Bei den Interviews wurde den Gefangenen ein Skript mit dem Geständnis gegeben. Sie wurden dann vom Befrager aufgefordert, den Inhalt in eigenen Worten wiederzugeben. Den Gefangenen, die sich weigerten, wurde gedroht, dass ihre Urteile rechtskräftig werden und sie Nowrooz [das persische Neujahrsfest] im Gefängnis verbringen würden. Gefangenen, die ihren Gerichtsbeschluss noch nicht erhalten haben, wurde mit höheren Strafen gedroht. In den vorgeschriebenen Geständnissen müssen die Gefangenen ihre Unterstützung für den Führer und seine Positionen erklären.
Nach dem Interview wird der Text des Geständnisses zur Verbreitung an Nachrichtenagenturen gegeben, die dem reformorientierten Lager nahe stehen.
Früher wurden die Gefangenen unmittelbar nach ihrer Freilassung in die Nachrichtenagentur ISNA geschickt. In dem neuen Szenario wurde jetzt auch ILNA angewiesen, die erzwungenen Geständnisse zu senden. Anders als in der Vergangenheit kann das Datum des Interviews jetzt auch Tage oder sogar Monate nach dem Datum der Freilassung liegen.
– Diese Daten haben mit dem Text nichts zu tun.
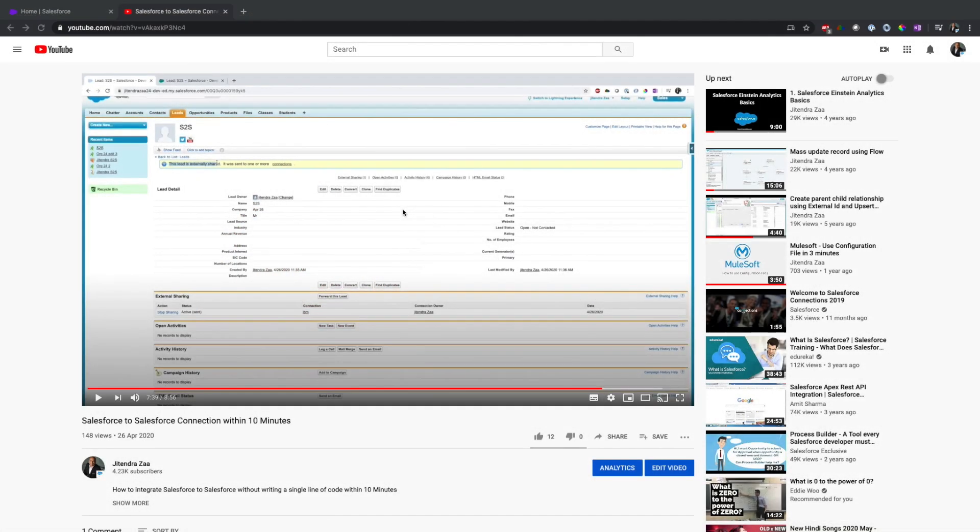Hey there, welcome back to my channel. In today's video we are going to see how we can integrate two Salesforce instances without writing code. In one of my previous videos I displayed Salesforce to Salesforce connection within 10 minutes, and even in that approach I didn't use any code.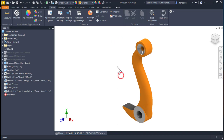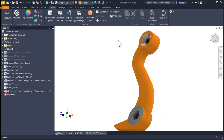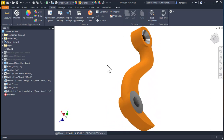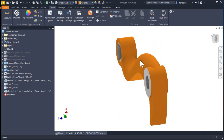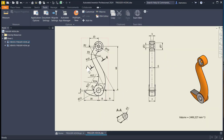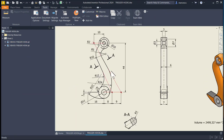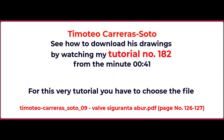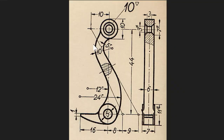Hi my friends. Today we model this part with the name Trigger Hook, which is somehow interesting. The drawing is here and you see a lot of dimensions. I advise you that this is a model resulting from the drawings of Timoteo Carreras Soto. You can download any drawing of Timoteo Carreras Soto by using my tutorial number 182. This is his drawing. It has dimensions here: 3, 3 and 7.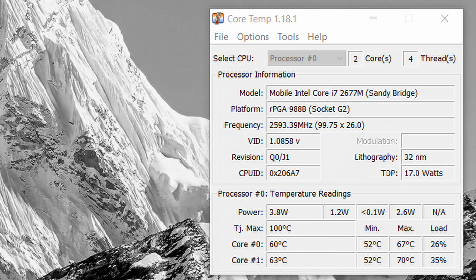So let's open up the laptop and give it a clean, repaste the CPU, and see if we can bring down the processor's temperatures.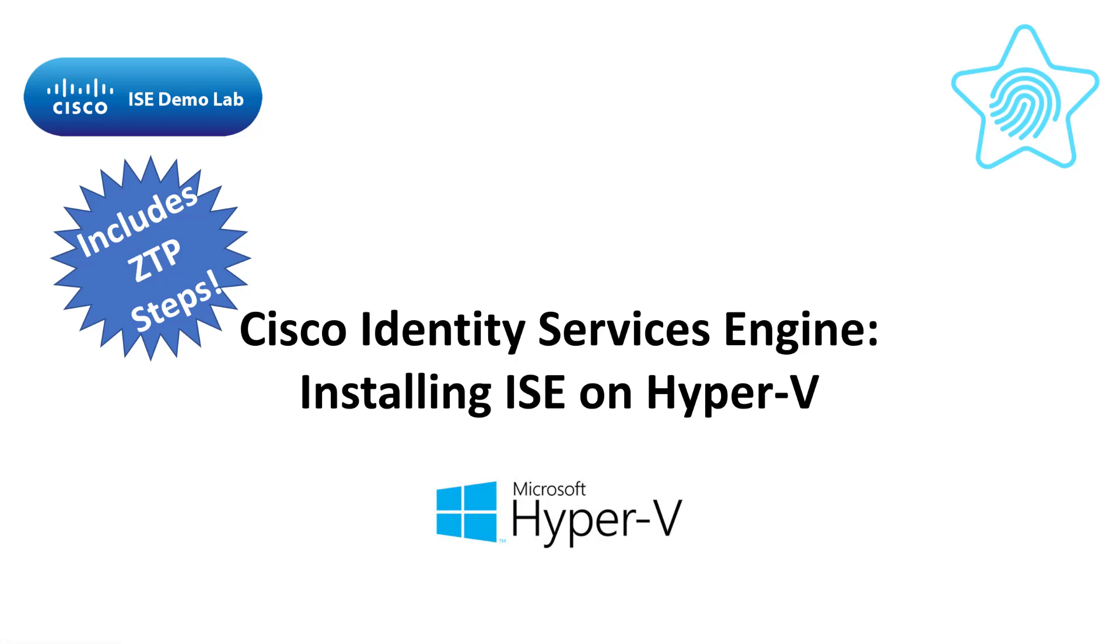Well, here we go again. The next platform we're going to cover for the ICE installation using the ZTP process is Microsoft's Hyper-V server.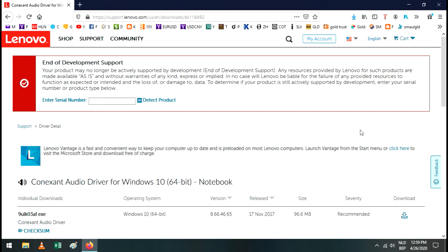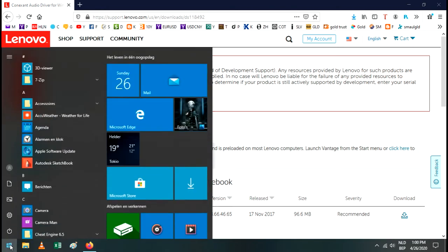You just need to uninstall your sound driver and reinstall it again. That's basically what you need to do. How do you do that? Go to Device Manager. Just click on the Start button here, type in Device Manager.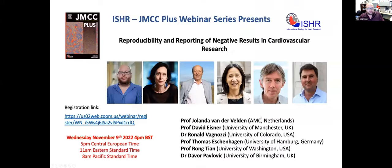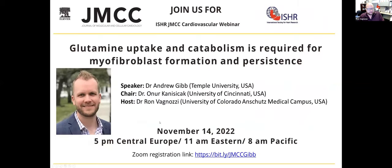If you missed it, we had a webinar last week through JMCC Plus on the reproducibility and reporting of negative results. This coincides with a launch of a special call for papers in JMCC Plus on reproducibility. If you haven't missed this webinar, it will be on our YouTube channel — I'll post a link in the chat. If you have questions for the speaker, please add them into the Q&A box and we'll have a Q&A session at the end.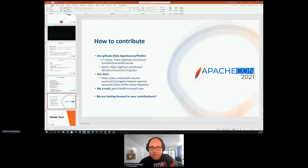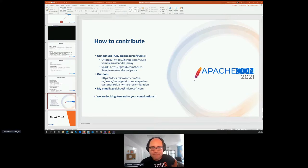A question came in: do we support migration from one keyspace or table to another on the same cluster with different schemas? Right now, no — the proxy is designed for migrating data from one distinct Cassandra cluster to another, and we don't rewrite keyspace names. But it's open source, so you can add that feature yourself.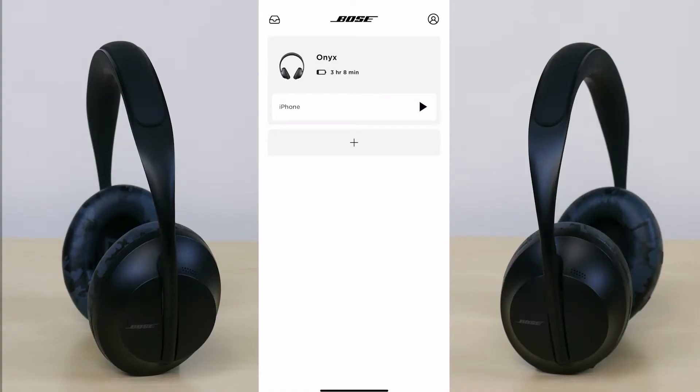In order for you to have access to the Bose Music app and be able to control your headphones, you need to make sure they are fully paired with your iPhone or Android.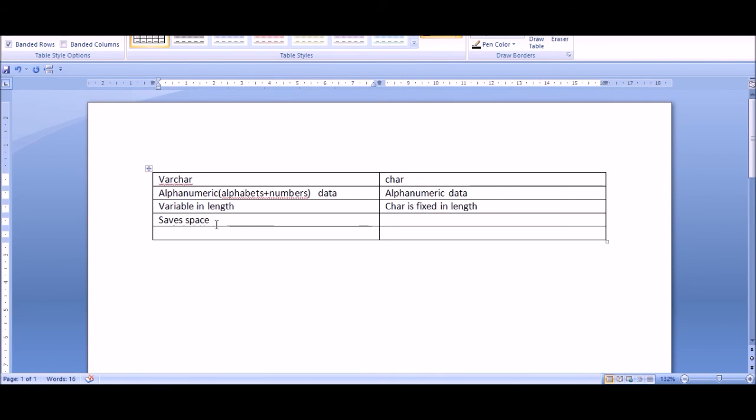While in case of CHAR, there is wastage of space. So that's the difference between VARCHAR and CHAR. Thank you.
Darüber hinaus wird der Text des Interviews von den Behörden direkt an die Nachrichtenagenturen gegeben.
Wenn sich Direktoren von Nachrichtenagenturen weigerten, die Interviews zu veröffentlichen, wurden sie vor die Wahl gestellt, entweder zu tun, was von ihnen verlangt wird, oder von ihrem Posten zurückzutreten.
Ein freigelassener Gefangener sagte Jaras gegenüber: „Es gibt keinen Unterschied zwischen zu Hause und dem Gefängnis; das ganze Land ist ein Gefängnis geworden. Obwohl ich und andere freigelassene Gefangene seit unserer Freilassung nicht politisch aktiv waren, sind wir von unseren Befragern unter Druck gesetzt worden, damit wir in Interviews den Führer preisen.“
„den Führer preisen“
Was kommt dabei mittel- und langfristig heraus ?
»Freiheit ist allmächtig und daher in der Lage, den Ambitionen und Bestrebungen hohen Intellekts gerecht zu werden, um die Flamme des Wetteiferns und des ehrgeizigen Bemühens um die höchste Stelle lebendig zu halten. … so dass diese kreativen Kräfte auf natürliche Weise, weil in Freiheit, erstrahlen. … Aber wir von heute haben in unserer Kindheit offenbar die Lektionen eines milden Despotismus erlernt …. Daher entwickeln wir nichts als eine ausgezeichnete Begabung für Schmeicheleien. «
(Pseudo-)Longinus, „Peri hypsous“ („Über das Erhabene“)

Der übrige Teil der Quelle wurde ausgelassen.